◆ DATA SHOWN
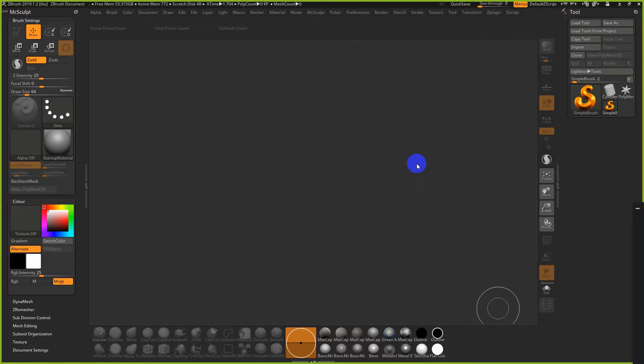I'm using a custom ZBrush interface, but everything I'm going to show you will still be plainly visible in the default interface. You'll be able to follow along no matter what setup you have. I'll explain a little bit about ZBrush just to give some background.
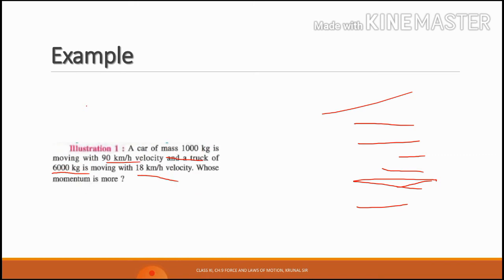In example 1, a car of mass 1000 kg is moving with 90 km per hour velocity, and a truck of 6000 kg is moving with 18 km per hour velocity — whose momentum is more? So here we have two vehicles: the first one is a car and the second one is a truck.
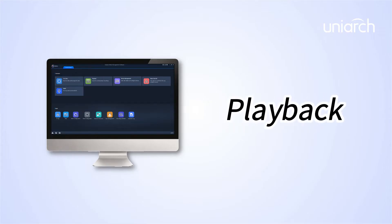Welcome to Uniarch Learning Hub. In this episode, we are going to talk about playback inside Uniarch Client.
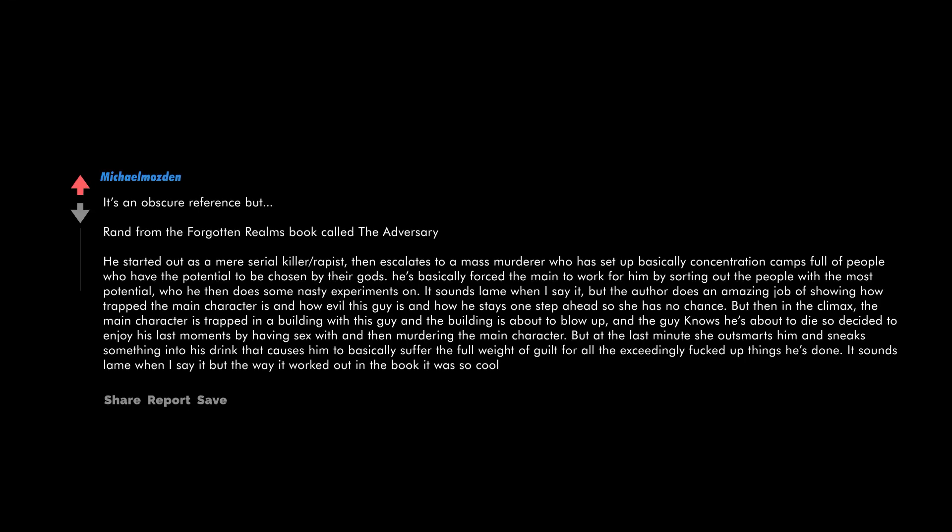It's an obscure reference but Ran from the Forgotten Realms book called The Adversary. He started out as a mere serial killer rapist, then escalates to a mass murderer who has set up basically concentration camps full of people who have the potential to be chosen by their gods. He's basically forced the main to work for him by sorting out the people with the most potential who he then does some nasty experiments on. It sounds lame when I say it but the author does an amazing job of showing how trapped the main character is and how evil this guy is and how he stays one step ahead so she has no chance. But then in the climax the main character is trapped in a building with this guy and the building is about to blow up. And the guy knows he's about to die so decided to enjoy his last moments by having sex with and then murdering the main character. But at the last minute she outsmarts him and sneaks something into his drink that causes him to basically suffer the full weight of guilt for all the exceedingly fucked up things he's done. It sounds lame when I say it but the way it worked out in the book it was so cool.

◆ HOW TO COMPLETE THIS TASK
Please reproduce the listing exactly from its opening line through the line that contains "Welcome to Uniarch", both included, with all pictures omitted.

◆ RESPONSE TO THIS TASK
I'm using a custom ZBrush interface, but everything I'm going to show you will still be plainly visible in the default interface. You'll be able to follow along no matter what setup you have. I'll explain a little bit about ZBrush just to give some background.
In example 1, a car of mass 1000 kg is moving with 90 km per hour velocity, and a truck of 6000 kg is moving with 18 km per hour velocity — whose momentum is more? So here we have two vehicles: the first one is a car and the second one is a truck.
Welcome to Uniarch Learning Hub. In this episode, we are going to talk about playback inside Uniarch Client.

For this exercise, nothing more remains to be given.